Edizioni Mediterranee, pagg.349, € 19,50

 

evola imperialismo  IL LIBRO – La genesi di "Imperialismo pagano" viene ricostruita con una certa esattezza dal suo stesso autore nell'autobiografia sprituale "Il Cammino del Cinabro" (1963): «Imperialismo pagano trasse origine da una mia relazione con Giuseppe Bottai (...) Egli teneva ad essere uno degli "intellettuali" del movimento e dirigeva la rivista Critica Fascista, la quale si permetteva una abbastanza vasta libertà di opinione. In alcune mie conversazioni con Bottai nacque l'idea di "muovere le acque" lanciando un programma rivoluzionario che investisse il piano della visione fascista della vita fino ad affrontare il problema della compatibilità fra fascismo e cristianesimo. Bottai trovò eccitante l'idea. Così io scrissi, per la rivista, articoli in tal senso. Ma non appena l'obiettivo ultimo della mossa si rese visibile e fu formulata l'idea di un "imperialismo pagano" come unico orientamento concepibile per un fascismo coerente e coraggioso, nacque un vero putiferio». Non solo su "Critica Fascista" di Bottai nel 1926-1927 Evola espose queste idee ma, come ricorda nella Appendice 2 Gian Franco Lami, anche su "Vita Nova" di Arpinati (altra «rivista ufficiosa») nel 1927.

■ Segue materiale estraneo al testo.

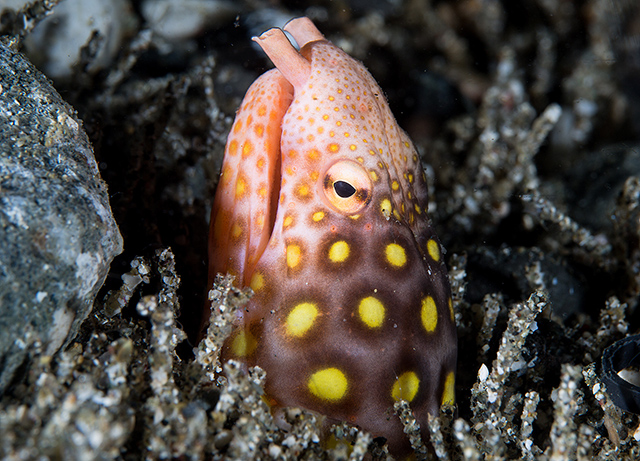 Ophichthus polyophthalmus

  L'opera venne pubblicata verso la metà del 1928 a ridosso, dunque, dei Patti Lateranensi dell'11 febbraio 1929 fra la Chiesa cattolica e lo Stato italiano. Il pamphlet di Julius Evola voleva essere una messa in guardia per il Fascismo contro questo avvenimento che, a giudizio dell'autore, avrebbe tarpato le ali alle potenzialità imperiali del Regime mussoliniano. Non era una personalissima alzata di scudi, ma la conclusione di un cammino che riassumeva le posizioni di un mondo esoterico e/o pagano quanto mai composito che si riuniva anche sotto le iniziative del Gruppo di Ur e che, con la Conciliazione, vedeva spegnersi ogni aspettativa della possibile affermazione nell'Italia fascista di spiritualità diverse dall'egemonia cristiano-cattolica.

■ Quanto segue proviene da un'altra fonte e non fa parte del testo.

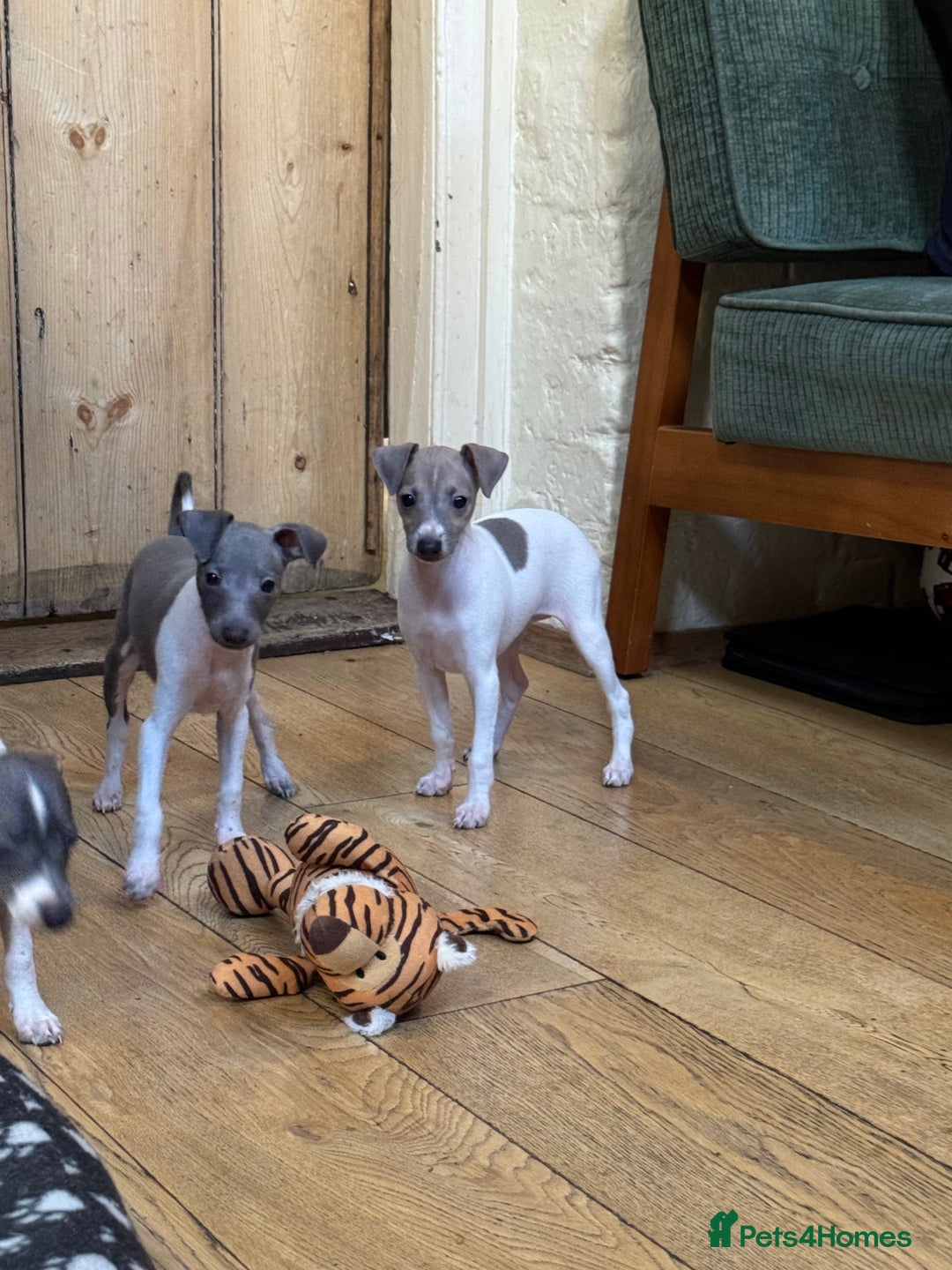 Italian Greyhound dogs for sale: Outstanding repeat mating litter  - Advert 5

  È in questo modo che l'opera deve intendersi, ma anche come un esplicito «appello» al Duce e a tutti «i fascisti degni di questo nome», pur se, scrive esplicitamente Evola, «in forma di campagna militare». Un saggio, dunque, polemicissimo, che prende di petto le questioni, drastico, intransigente, come può esserlo un trentenne per cui «il fascismo era troppo poco», come scriverà due anni dopo. Un'opera in cui si effettua una critica serrata sul piano logico, politico, filosofico e religioso di tutti quei valori, di tutte quelle condizioni, di tutti quei miti che, secondo Evola, stavano ostacolando il fascismo e la sua volontà di rinnovare la nazione e lo Stato, il suo voler essere «imperiale»: da un lato la democrazia, il liberalismo, il comunismo, un mal inteso europeismo e occidentalismo; dall'altro il cristianesimo più che il cattolicesimo come «religione ufficiale». Tutte tesi poi meglio organizzate, sistematizzate e sviluppate dal filosofo in opere successive come "Rivolta contro il mondo moderno", "Gli uomini e le rovine", "Cavalcare la tigre".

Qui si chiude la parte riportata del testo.